With it being Final Fantasy XIV’s third anniversary it’s only fitting that I take a look back at the reason I’ve been playing it since its closed beta — and why, even though on several occasions I’ve felt like I might be “done” with the game, I keep on coming back, time after time.
These memories are presented in no particular order, but it makes the most sense to start with this one.
Knowing FFXIV was going to be something special
I jumped into Final Fantasy XIV’s closed beta after a casual discussion with a Twitter friend about Final Fantasy XI and how much I liked it despite never really getting all that far with it.
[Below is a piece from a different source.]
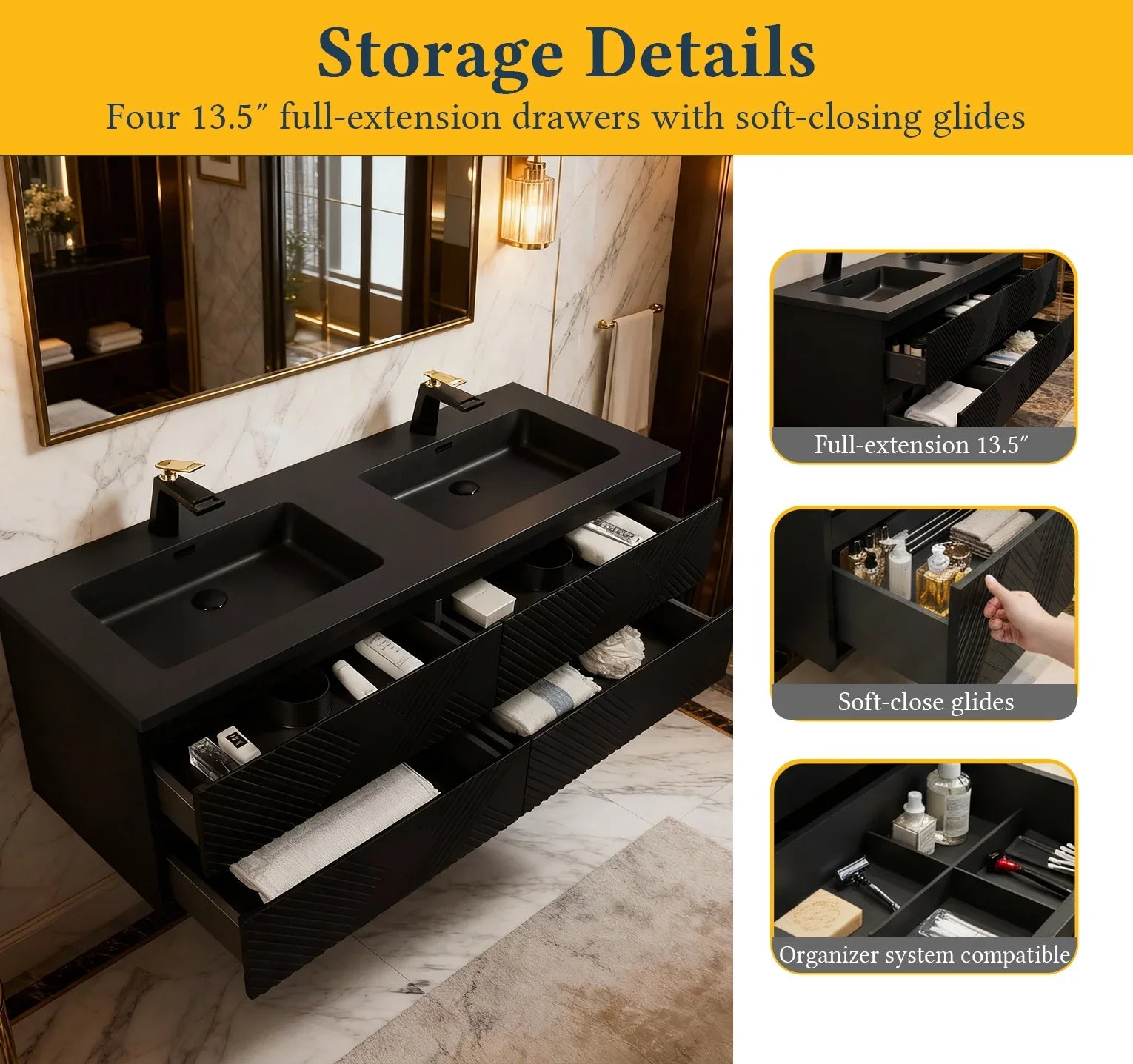 60" Black Wall Mount Bathroom Vanity with Black Engineered Quartz Countertop-Migration_Bathroom Vanities-DECOROLALA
Eventually I found myself with an invite to the testing period of the game, and I was immediately smitten with it. Everything about it felt Final Fantasy. The look, the feel, the music, the controls, the battles, the monsters — and yet, it had enough of its own unique identity to make it feel like far more than just series fanservice.
Specifically, Final Fantasy XIV adopts a somewhat “dark fantasy” tone throughout, clearly heavily inspired by works such as Game of Thrones and The Witcher in places. Sure, there are still moogles and chocobos, but there are also complicated political machinations, betrayal, murder and, technically, just prior to the start of 2.0’s story, apocalyptic catastrophes.
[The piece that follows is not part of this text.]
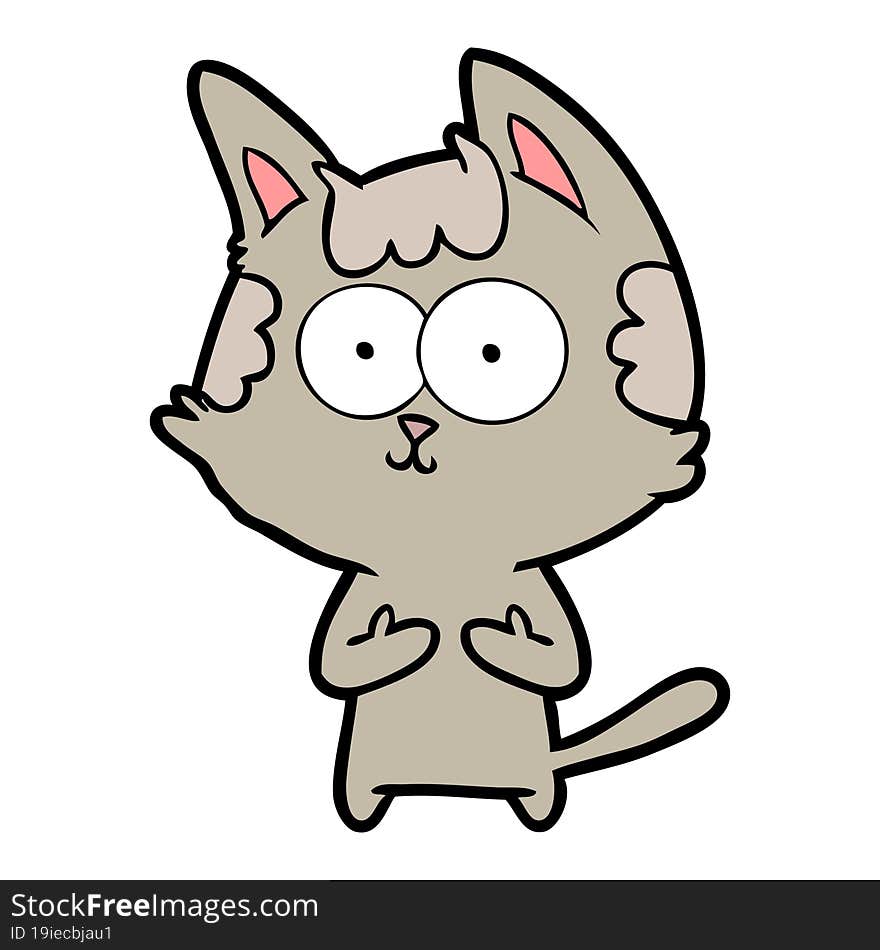 happy cartoon cat. happy cartoon cat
I was immediately drawn into the world in a way that World of Warcraft never quite managed to enrapture me. NPC dialogue, although localised with more than a few liberties taken from the original Japanese, much to the chagrin of people who play with Japanese voiceovers, was beautifully written with an almost Shakespearean tone in places, blending old- and middle-English words and phrases with modern spellings to make it actually comprehensible.
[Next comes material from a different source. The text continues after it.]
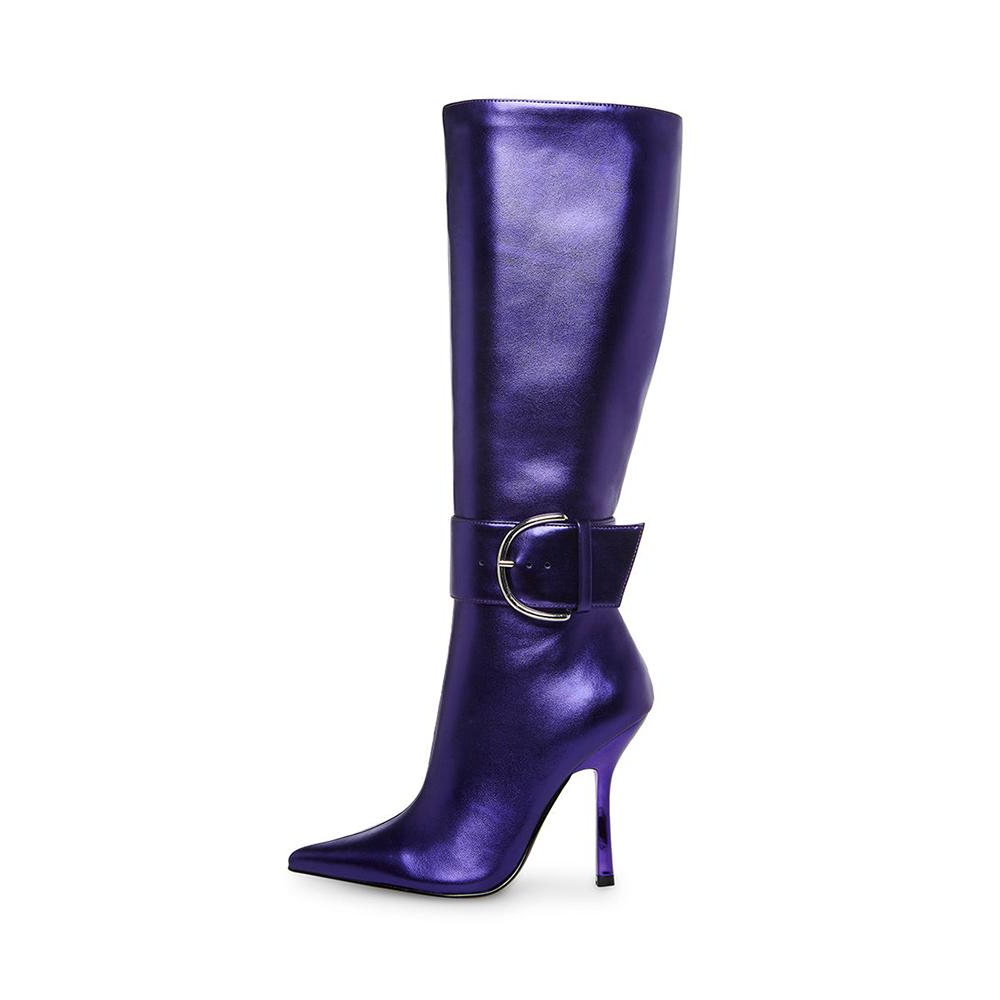 Fashion Buckle Knee High Boots Pointed Toe Stilettos High Heels Party Wear Boots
The fact that Final Fantasy XIV placed any emphasis on its main story at all — let alone to the degree that it has ended up doing so — was a unique feeling for me. Even its predecessor Final Fantasy XI’s main story had felt like a side activity you did when you had done enough level grinding to be able to take on the next mission; here, the main story was tightly tied in with your character’s progression: you advanced through the levels and became more powerful both in terms of mechanics and narrative, until you eventually reached level 50 and took on your most terrifying challenges yet.
During the closed beta, I only played up to about level 20 or so, but that was enough to know that I wanted to keep playing — and to know that I wouldn’t mind when the servers were wiped post-beta to prepare for the start of live service.
Making some great friends
My friend who had urged me to try out FFXIV was all set to assemble a Free Company — FFXIV’s take on guilds — as soon as the facility became available, and many members of that free company, centred around the Giant Bomb video games website, became great friends. I even took a trip to PAX East to hang out with a bunch of them and had an absolute blast. And while I recently left said Free Company in favour of a smaller group who are more local to where my wife and I are, FFXIV’s various ways of keeping in touch — as well as extra-game means of communication like Discord — mean that I’ll never be far away from this band of loveable rogues.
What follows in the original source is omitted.